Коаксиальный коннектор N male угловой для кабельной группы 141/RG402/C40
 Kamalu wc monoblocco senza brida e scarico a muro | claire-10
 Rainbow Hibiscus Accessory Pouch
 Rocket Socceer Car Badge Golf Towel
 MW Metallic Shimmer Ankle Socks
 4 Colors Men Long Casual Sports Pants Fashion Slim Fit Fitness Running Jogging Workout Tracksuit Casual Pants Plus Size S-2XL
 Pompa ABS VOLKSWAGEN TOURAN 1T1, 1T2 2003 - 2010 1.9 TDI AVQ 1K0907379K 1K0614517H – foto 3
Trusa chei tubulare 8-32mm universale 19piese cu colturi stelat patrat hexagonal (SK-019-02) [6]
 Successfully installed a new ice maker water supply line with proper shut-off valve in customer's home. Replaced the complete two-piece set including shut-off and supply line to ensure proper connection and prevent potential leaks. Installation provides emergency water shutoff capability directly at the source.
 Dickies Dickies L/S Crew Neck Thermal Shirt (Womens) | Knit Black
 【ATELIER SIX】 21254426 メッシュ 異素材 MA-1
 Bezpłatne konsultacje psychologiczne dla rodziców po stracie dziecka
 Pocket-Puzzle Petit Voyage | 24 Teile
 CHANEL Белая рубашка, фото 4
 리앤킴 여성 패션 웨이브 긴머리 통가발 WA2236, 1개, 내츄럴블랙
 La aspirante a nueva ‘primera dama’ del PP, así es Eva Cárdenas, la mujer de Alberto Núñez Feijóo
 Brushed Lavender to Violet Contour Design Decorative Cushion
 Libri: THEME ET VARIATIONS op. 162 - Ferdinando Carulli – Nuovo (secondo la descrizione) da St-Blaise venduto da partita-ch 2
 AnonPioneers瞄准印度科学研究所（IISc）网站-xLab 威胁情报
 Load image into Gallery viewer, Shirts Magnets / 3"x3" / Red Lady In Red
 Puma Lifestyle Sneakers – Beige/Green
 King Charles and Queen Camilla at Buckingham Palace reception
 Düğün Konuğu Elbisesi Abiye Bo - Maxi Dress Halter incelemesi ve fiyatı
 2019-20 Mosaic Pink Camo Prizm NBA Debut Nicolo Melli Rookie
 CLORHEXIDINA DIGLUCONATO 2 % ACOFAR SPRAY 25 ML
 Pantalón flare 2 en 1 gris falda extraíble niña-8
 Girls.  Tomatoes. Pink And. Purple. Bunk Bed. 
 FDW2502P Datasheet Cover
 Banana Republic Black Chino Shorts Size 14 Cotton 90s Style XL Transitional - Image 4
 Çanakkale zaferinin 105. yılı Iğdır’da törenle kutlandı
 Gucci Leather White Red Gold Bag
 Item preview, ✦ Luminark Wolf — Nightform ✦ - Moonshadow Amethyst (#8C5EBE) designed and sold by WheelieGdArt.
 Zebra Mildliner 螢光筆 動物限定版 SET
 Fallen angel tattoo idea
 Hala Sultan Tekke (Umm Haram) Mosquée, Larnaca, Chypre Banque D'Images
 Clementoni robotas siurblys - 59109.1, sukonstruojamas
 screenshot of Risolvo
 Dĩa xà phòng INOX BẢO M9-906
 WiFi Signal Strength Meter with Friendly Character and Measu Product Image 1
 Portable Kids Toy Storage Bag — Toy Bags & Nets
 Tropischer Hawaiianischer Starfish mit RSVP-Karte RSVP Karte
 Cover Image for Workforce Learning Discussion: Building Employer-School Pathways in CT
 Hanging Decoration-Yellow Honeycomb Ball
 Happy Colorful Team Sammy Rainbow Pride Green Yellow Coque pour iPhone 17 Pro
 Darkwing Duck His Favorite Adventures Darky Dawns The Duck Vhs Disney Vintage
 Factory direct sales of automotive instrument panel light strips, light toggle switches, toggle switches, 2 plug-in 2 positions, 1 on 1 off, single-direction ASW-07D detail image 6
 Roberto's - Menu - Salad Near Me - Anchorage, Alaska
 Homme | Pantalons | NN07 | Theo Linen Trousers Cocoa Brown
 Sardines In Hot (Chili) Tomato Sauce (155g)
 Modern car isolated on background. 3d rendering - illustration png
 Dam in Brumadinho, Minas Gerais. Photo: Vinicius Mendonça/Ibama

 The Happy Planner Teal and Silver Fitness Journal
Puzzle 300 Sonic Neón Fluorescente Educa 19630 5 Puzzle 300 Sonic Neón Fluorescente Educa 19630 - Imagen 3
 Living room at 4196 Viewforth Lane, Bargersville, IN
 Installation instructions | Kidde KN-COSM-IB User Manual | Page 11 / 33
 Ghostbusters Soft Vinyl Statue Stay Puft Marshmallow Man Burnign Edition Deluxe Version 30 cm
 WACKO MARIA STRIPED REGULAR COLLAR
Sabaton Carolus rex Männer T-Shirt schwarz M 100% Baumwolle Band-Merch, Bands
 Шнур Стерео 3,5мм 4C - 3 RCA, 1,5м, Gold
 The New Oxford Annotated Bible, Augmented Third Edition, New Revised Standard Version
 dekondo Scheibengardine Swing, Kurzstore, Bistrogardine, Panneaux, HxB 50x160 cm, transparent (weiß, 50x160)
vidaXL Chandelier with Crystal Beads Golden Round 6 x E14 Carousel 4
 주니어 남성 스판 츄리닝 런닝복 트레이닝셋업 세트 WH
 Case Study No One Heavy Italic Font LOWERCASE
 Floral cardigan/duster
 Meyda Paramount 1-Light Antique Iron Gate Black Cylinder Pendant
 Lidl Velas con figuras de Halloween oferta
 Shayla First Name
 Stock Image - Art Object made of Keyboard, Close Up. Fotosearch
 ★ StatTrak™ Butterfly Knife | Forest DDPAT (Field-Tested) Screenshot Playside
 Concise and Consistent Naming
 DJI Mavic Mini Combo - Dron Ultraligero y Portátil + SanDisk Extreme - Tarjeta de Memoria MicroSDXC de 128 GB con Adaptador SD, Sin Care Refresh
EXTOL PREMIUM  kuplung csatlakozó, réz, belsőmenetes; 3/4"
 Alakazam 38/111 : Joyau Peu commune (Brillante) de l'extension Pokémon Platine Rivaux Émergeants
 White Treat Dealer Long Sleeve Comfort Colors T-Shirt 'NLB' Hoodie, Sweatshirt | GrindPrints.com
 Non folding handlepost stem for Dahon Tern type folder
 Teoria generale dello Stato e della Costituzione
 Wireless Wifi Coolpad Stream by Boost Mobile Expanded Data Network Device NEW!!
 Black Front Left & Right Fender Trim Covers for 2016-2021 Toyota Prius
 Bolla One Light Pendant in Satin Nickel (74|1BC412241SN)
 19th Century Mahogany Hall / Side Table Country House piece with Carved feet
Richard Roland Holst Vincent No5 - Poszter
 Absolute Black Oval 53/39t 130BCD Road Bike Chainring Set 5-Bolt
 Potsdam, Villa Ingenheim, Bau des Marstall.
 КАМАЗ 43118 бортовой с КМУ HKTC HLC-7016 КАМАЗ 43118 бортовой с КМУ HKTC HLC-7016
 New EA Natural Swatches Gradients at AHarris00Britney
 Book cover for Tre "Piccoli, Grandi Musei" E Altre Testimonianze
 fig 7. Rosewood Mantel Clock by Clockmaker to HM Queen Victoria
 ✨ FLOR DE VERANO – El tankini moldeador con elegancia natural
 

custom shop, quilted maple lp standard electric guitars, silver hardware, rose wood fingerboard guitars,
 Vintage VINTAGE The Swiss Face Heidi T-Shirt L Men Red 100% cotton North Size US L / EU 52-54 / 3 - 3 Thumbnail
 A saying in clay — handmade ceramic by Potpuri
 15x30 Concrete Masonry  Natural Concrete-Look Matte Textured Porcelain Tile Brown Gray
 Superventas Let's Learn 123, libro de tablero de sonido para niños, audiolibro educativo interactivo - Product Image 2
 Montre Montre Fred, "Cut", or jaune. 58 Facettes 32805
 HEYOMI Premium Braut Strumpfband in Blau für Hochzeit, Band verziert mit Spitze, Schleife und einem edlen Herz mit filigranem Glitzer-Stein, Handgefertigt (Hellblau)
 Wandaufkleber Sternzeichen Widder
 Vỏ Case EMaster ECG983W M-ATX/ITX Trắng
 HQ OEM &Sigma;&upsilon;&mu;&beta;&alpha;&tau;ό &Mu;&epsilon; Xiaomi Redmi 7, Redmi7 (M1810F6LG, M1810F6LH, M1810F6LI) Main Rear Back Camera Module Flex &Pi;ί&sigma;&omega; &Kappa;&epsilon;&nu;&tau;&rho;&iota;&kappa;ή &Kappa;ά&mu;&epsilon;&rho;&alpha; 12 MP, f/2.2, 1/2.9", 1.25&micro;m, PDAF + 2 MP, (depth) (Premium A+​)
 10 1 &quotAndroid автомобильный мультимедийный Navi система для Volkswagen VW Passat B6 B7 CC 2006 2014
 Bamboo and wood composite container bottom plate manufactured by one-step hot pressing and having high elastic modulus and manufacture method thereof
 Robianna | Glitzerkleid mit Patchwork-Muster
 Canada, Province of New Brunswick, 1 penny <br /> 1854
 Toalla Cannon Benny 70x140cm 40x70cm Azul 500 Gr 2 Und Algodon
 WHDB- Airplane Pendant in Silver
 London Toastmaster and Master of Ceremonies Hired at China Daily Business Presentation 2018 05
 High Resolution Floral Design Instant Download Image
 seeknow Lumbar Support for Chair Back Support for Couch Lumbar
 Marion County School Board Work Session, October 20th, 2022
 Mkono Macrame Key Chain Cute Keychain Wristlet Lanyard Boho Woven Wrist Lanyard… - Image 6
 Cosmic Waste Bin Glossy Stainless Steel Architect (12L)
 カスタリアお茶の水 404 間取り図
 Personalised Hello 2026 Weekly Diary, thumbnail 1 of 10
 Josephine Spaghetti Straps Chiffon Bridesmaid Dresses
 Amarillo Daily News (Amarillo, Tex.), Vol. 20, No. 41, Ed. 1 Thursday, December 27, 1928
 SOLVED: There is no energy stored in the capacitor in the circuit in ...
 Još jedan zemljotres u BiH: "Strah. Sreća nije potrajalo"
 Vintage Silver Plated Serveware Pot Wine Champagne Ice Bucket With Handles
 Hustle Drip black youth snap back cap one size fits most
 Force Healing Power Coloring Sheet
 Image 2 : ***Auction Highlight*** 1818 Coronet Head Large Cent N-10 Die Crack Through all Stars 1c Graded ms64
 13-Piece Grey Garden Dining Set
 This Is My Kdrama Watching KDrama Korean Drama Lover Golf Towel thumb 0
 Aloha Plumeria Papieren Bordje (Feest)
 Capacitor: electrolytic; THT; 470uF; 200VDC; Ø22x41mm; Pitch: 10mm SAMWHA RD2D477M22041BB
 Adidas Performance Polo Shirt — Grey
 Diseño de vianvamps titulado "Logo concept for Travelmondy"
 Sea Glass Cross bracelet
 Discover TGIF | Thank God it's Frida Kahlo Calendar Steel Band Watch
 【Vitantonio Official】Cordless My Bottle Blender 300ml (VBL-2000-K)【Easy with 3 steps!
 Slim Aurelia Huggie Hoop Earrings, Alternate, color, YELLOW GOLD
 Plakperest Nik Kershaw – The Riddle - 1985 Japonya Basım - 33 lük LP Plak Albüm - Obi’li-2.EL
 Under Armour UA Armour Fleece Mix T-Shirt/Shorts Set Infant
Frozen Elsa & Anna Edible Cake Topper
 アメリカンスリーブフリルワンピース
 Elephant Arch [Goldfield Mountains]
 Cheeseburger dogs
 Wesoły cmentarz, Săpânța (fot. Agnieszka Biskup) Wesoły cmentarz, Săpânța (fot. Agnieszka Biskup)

..........

Activity: Lines from the one with "Diseño de vianvamps" through the end of the data: set these down exactly, including both ends and nothing more.

Response to this task:
 Diseño de vianvamps titulado "Logo concept for Travelmondy"
 Sea Glass Cross bracelet
 Discover TGIF | Thank God it's Frida Kahlo Calendar Steel Band Watch
 【Vitantonio Official】Cordless My Bottle Blender 300ml (VBL-2000-K)【Easy with 3 steps!
 Slim Aurelia Huggie Hoop Earrings, Alternate, color, YELLOW GOLD
 Plakperest Nik Kershaw – The Riddle - 1985 Japonya Basım - 33 lük LP Plak Albüm - Obi’li-2.EL
 Under Armour UA Armour Fleece Mix T-Shirt/Shorts Set Infant
Frozen Elsa & Anna Edible Cake Topper
 アメリカンスリーブフリルワンピース
 Elephant Arch [Goldfield Mountains]
 Cheeseburger dogs
 Wesoły cmentarz, Săpânța (fot. Agnieszka Biskup) Wesoły cmentarz, Săpânța (fot. Agnieszka Biskup)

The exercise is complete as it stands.